Any problem can be solved by adding another level of indirection... :)

2009-03-02 09:05:40

by Jeremy Fitzhardinge

[permalink] [raw]
Subject: Re: [PATCH] xen: core dom0 support

Nick Piggin wrote:
>> I wouldn't say that KVM is necessarily disadvantaged by its design; its
>> just a particular set of tradeoffs made up-front. It loses Xen's
>> flexibility, but the result is very familiar to Linux people. A guest
>> domain just looks like a qemu process that happens to run in a strange
>> processor mode a lot of the time. The qemu process provides virtual
>> device access to its domain, and accesses the normal device drivers like
>> any other usermode process would. The domains are as isolated from each
>> other as much as processes normally are, but they're all floating around
>> in the same kernel; whether that provides enough isolation for whatever
>> technical, billing, security, compliance/regulatory or other
>> requirements you have is up to the user to judge.
>>
>
> Well what is the advantage of KVM? Just that it is integrated into
> the kernel? Can we look at the argument the other way around and
> ask why Xen can't replace KVM?

Xen was around before KVM was even a twinkle, so KVM is redundant from
that perspective; they're certainly broadly equivalent in
functionality. But Xen has had a fairly fraught history with respect to
being merged into the kernel, and being merged gets your feet into a lot
of doors. The upshot is that using Xen has generally required some
preparation - like installing special kernels - before you can use it,
and so tends to get used for servers which are specifically intended to
be virtualized. KVM runs like an accelerated qemu, so it easy to just
fire up an instance of windows in the middle of a normal Linux desktop
session, with no special preparation.

But Xen is getting better at being on laptops and desktops, and doing
all the things people expect there (power management, suspend/resume,
etc). And people are definitely interested in using KVM in server
environments, so the lines are not very clear any more.

(Of course, we're completely forgetting VMI in all this, but VMware seem
to have as well. And we're all waiting for Rusty to make his World
Domination move.)

> (is it possible to make use of HW
> memory virtualization in Xen?)

Yes, Xen will use all available hardware features when running hvm
domains (== fully virtualized == Windows).

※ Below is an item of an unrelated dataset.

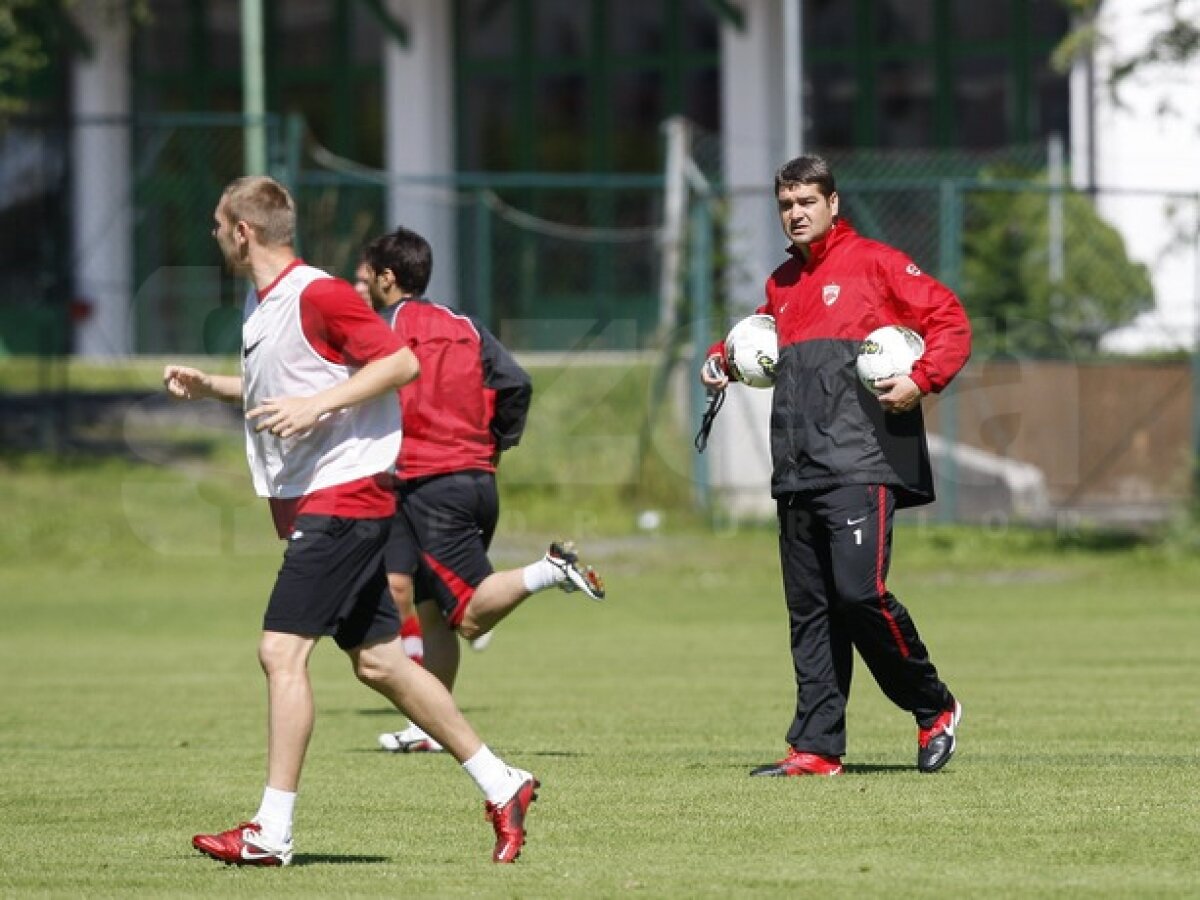Galerie Foto Marius Niculae a venit odată cu soarele:) Primul antrenament pentru "Săgeată"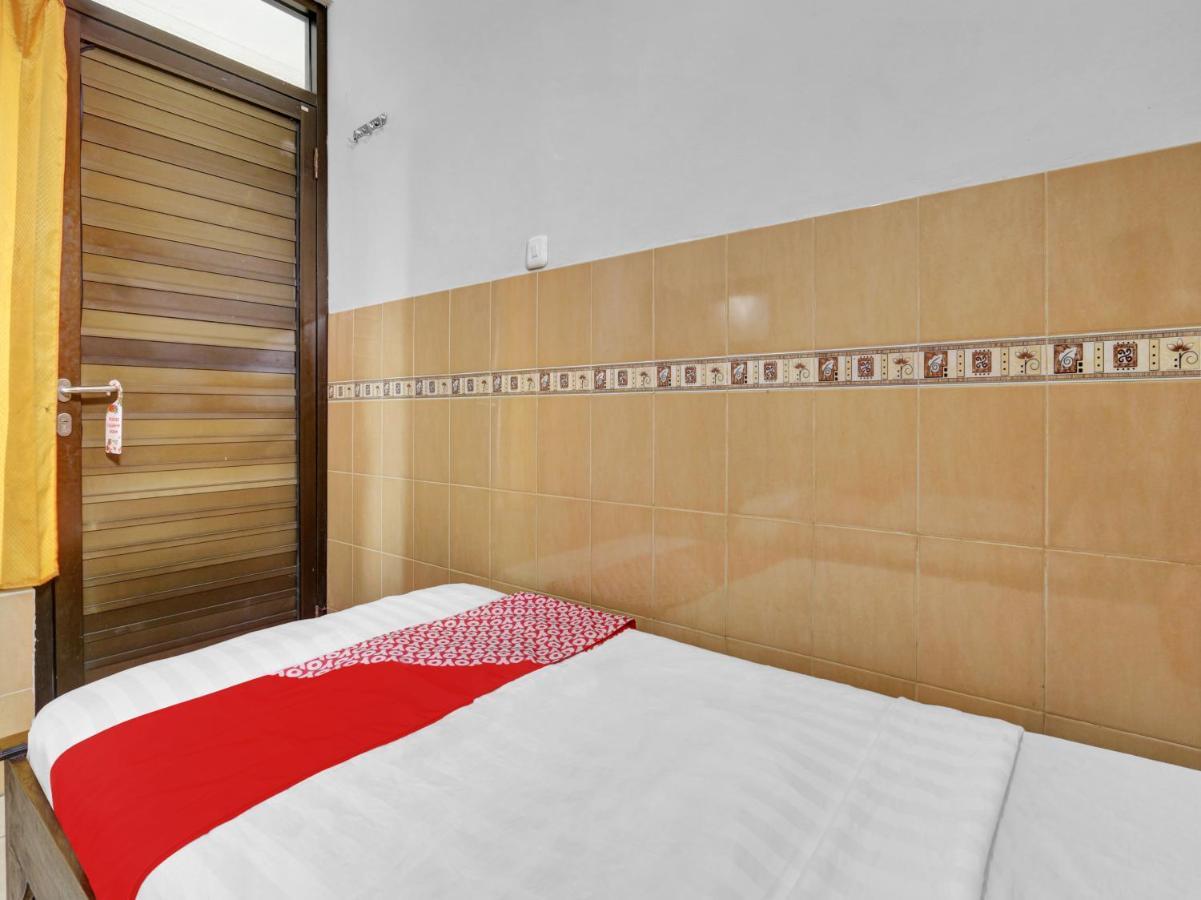 OYO 90695 Srikandi Nologaten Hotel Yogyakarta Bagian luar foto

> The hypervisor is GPL, right?
>

Yep.

>>> Would it be possible I wonder to make
>>> a MMU virtualization layer for CPUs without support, using Xen's page
>>> table protection methods, and have KVM use that? Or does that amount
>>> to putting a significant amount of Xen hypervisor into the kernel..?
>>>
>> At one point Avi was considering doing it, but I don't think he ever
>> made any real effort in that direction. KVM is pretty wedded to having
>> hardware support anyway, so there's not much point in removing it in
>> this one area.
>>
>
> Not removing it, but making it available as an alternative form of
> "hardware supported" MMU virtualization. As you say if direct protected
> page tables often are faster than existing HW solutoins anyway, then it
> could be a win for KVM even on newer CPUs.
>

Well, yes. I'm sure it will make someone a nice little project. It
should be fairly easy to try out - all the hooks are in place, so its
just a matter of implementing the kvm bits. But it probably wouldn't be
a comfortable fit with the rest of Linux; all the memory mapped via
direct pagetables would be solidly pinned down, completely unswappable,
giving the VM subsystem much less flexibility about allocating
resources. I guess it would be no worse than a multi-hundred
megabyte/gigabyte process mlocking itself down, but I don't know if
anyone actually does that.

J

2009-03-04 17:32:15

by Anthony Liguori

[permalink] [raw]
Subject: Re: [PATCH] xen: core dom0 support

Nick Piggin wrote:
> On Monday 02 March 2009 10:27:29 Jeremy Fitzhardinge wrote:

>> Once important area of paravirtualization is that Xen guests directly
>> use the processor's pagetables; there is no shadow pagetable or use of
>> hardware pagetable nesting. This means that a tlb miss is just a tlb
>> miss, and happens at full processor performance. This is possible
>> because 1) pagetables are always read-only to the guest, and 2) the
>> guest is responsible for looking up in a table to map guest-local pfns
>> into machine-wide mfns before installing them in a pte. Xen will check
>> that any new mapping or pagetable satisfies all the rules, by checking
>> that the writable reference count is 0, and that the domain owns (or has
>> been allowed access to) any mfn it tries to install in a pagetable.
>
> Xen's memory virtualization is pretty neat, I'll give it that. Is it
> faster than KVM on a modern CPU?

There is nothing architecturally that prevents KVM from making use of
Direct Paging. KVM doesn't use Direct Paging because we don't expect it
will not be worth it. Modern CPUs (Barcelona and Nehalem class) include
hardware support for MMU virtualization (via NPT and EPT respectively).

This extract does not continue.